Mayrand certainly knows that there would be a good chance that this government will not heed his recommendations and, in fact, may even try to diminish the power of his office. If that happens, his only recourse will be the court of public opinion.

And, so, in preparation for a potential fight with the goverment, Mayrand decides to create a blue-ribbon “advisory panel” who will guide his work. He gets to choose who is on it. And he will be sure to choose eminent Canadians who may be expected to share his or his agency’s broad world view about how elections ought to be conducted and how Elections Canada can be strengthened to become an even better referee. He may not ask them explicitly to do so but he may hope that, if push comes to shove, his appointees will speak out for the very reforms they will be advising Mayrand to recommend to the government.
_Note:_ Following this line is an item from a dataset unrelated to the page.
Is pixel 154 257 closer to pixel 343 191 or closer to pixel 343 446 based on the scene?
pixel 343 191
Click here to see the blue chip names on the board.

The country’s elected officials — neither governing nor opposition MPs — will not have any input into the selection of this advisory board. Indeed, “Members of the Board are appointed by the CEO (Mayrand) for terms of not less than one and not more than three years and are eligible for reappointment at the discretion of the CEO.” That’s what it says right there at Elections Canada Web site.

Moreover, many members of this advisory board will be paid for their work:

Compensation of Board Members

Members of the Board shall be eligible for reimbursement of reasonable expenses incurred through service to the Board and shall be compensated for their participation in meetings of the Board and its committees at a rate of $1,500 per diem. Additionally, the Chair or Co-Chairs shall be compensated for administrative and preparatory work in the capacity as Chair or Co-Chairs at a rate of $1,750 per diem.
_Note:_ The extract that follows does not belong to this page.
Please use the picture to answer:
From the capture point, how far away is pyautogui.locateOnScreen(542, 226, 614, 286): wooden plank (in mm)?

A maximum of $386,000 will paid out in per diems over three years. However much it costs Mayrand’s agency in per diems, it will, for Mayrand, be money well spent. For, sure enough, the government, when it does unveils its proposed reform of election law — in Bill C-23: The Fair Elections Act — it not only ignores Mayrand’s recommendations but it tries to diminish the power of his office.

Mayrand very publicly takes issue with the bill. And, by coincidence or not, so does one of the bluest of blue-chip names on his payroll: Sheila Fraser, the former auditor general. Fraser this week blasted C-23.

Fraser and former Supreme Court Justice Ian Binnie are co-chairs of Mayrand’s advisory board. Fraser’s contract,  confusingly says it runs from Dec. 4, 2013 to March 31, 2014 and is worth was worth a maximum of just over $65,000 for that four-month period. In fact, that is the maximum amount Fraser can be paid over a three-year period. Fraser, on Twitter, tells me so far, she has been paid $2,450 for her work.  For Binnie, it was just under $69,000 maximum for three years work.

Does the fact that Fraser is or was being paid by Elections Canada diminish the credibility of her criticism of C-23? Not in my book. Her criticisms ought to be examined on their merits. But it seems to me to be a completely uncontroversial thing to note, for the record, that she has a financial relationship with Elections Canada which, like her, opposes C-23.  If, for example, a member of the board of directors of an oil company writes an op-ed arguing the merits of this or that energy issue, one notes somewhere that the individual has a financial relationship with the oil company.  A reader  may then decide if that financial relationship enhances the credibility of the opinion offered, diminishes it, or has no effect.

But whether or not Fraser was paid is really not the point.  In fact, to be explicit: I think it absurd to conclude that any of those on Mayrand’s panel have an opinion for rent or hire.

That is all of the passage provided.